Como si ella no hubiera seguido al pie de la letra aquella vieja máxima de Maquiavelo, quien sostenía que cuando el príncipe está al frente de sus ejércitos y tiene que gobernar a miles de soldados, es necesario que el monarca no se preocupe de si tiene fama de cruel entre sus huestes, ya que sin ella nunca podrá disponer de un ejército unido y disciplinado. Y en eso estamos. El problema es que el florentino se refería a un país del antiguo régimen.
Y por eso conmueve que prácticamente ningún político denuncie la raíz del problema, que no es otra que la ausencia de democracia en los partidos con probabilidades reales de gobernar. Tanto en la ‘era Zapatero’, cuando un puñado de iluminados tomó la Moncloa por medios democráticos, como ahora. Con un Rajoy convertido en un vulgar oligarca de partido. Nada se mueve sin que lo diga el líder, el encargado de confeccionar las listas electorales. Él mismo es hijo de esa forma de hacer política.
El ganador se lo lleva todo
El resultado, como no puede ser de otra manera, es que el actual régimen de partidos ha acabado por expulsar del sistema político a la ciudadanía. Nadie con dos dedos de frente querría participar en un sistema en el que el ganador, como en la canción de ABBA, se lo lleva todo.
No es para menos teniendo en cuenta, además, que ejercer la política -mal pagada y peor considerada- se ha convertido en un oficio bajo sospecha.
Se ha llegado a esta percepción no porque los ciudadanos lo vean así de forma natural, sino porque son los propios políticos los que han creado un sistema cerrado del que sólo despotrican cuando son expulsados de los meandros del poder. Y lo que es todavía peor, se confunde partido y Gobierno como si se tratara de una simbiosis perfecta, cuando la ausencia de autonomía de cada una de las dos partes, lo que hace es empobrecer el debate político. Aunque no sólo eso. Como se ha comprobado en el caso del PSOE, una nefasta acción del gobierno puede destruir un partido durante una generación. Algo impensable en países en los que el partido desaparece entre elección y elección, pero que en el interregno es capaz de garantizar que el sistema de selección de líderes se hace por cauces democráticos.
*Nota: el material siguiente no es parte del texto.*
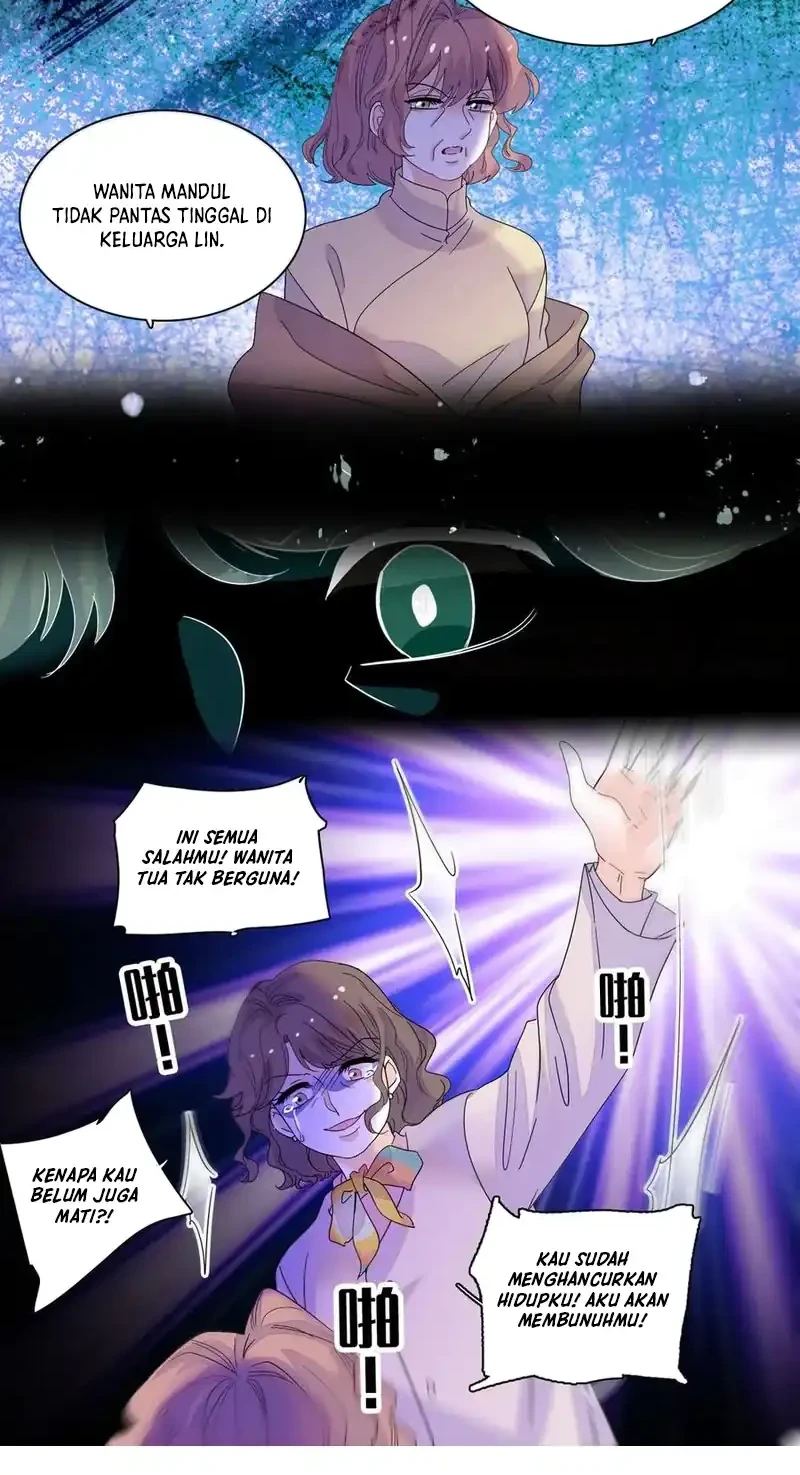 The Almighty Daughter Runs The World Chapter 143 - halaman 10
En el citado documento de los exparlamentarios existe, en este sentido, un párrafo clarificador que parte de una realidad obvia. “Nos encontramos”, se asegura, “con un evidente agotamiento y deterioro de los mecanismos de reclutamiento” de los dirigentes políticos, y eso ha derivado en un permanente “asalto al poder interno”, produciendo maquinarias que, “si no ejercen el poder o incluso detentándolo, dedican dos tercios de sus esfuerzos al rozamiento interno”.
O lo que es lo mismo a conspirar o a entregarse a las televisiones de madrugada para recabar apoyos que no logran en el partido por ausencia de mecanismos que canalicen el debate democrático.
El exsenador Granados refleja como nadie esas miserias de la política. Hay sospechas fundadas de que alguien en su partido ha conspirado contra él, pero él mismo, en lugar de haberlo denunciado públicamente cuando correspondía, calla. Y no sólo eso, en un ejercicio de hipocresía conmovedora, todavía no ha dicho con pelos y señales de dónde procede su dinero en Suiza más allá de vaguedades infantiles.
Ese es, en realidad, el problema de fondo. No se puede construir una democracia sin demócratas. Así de fácil.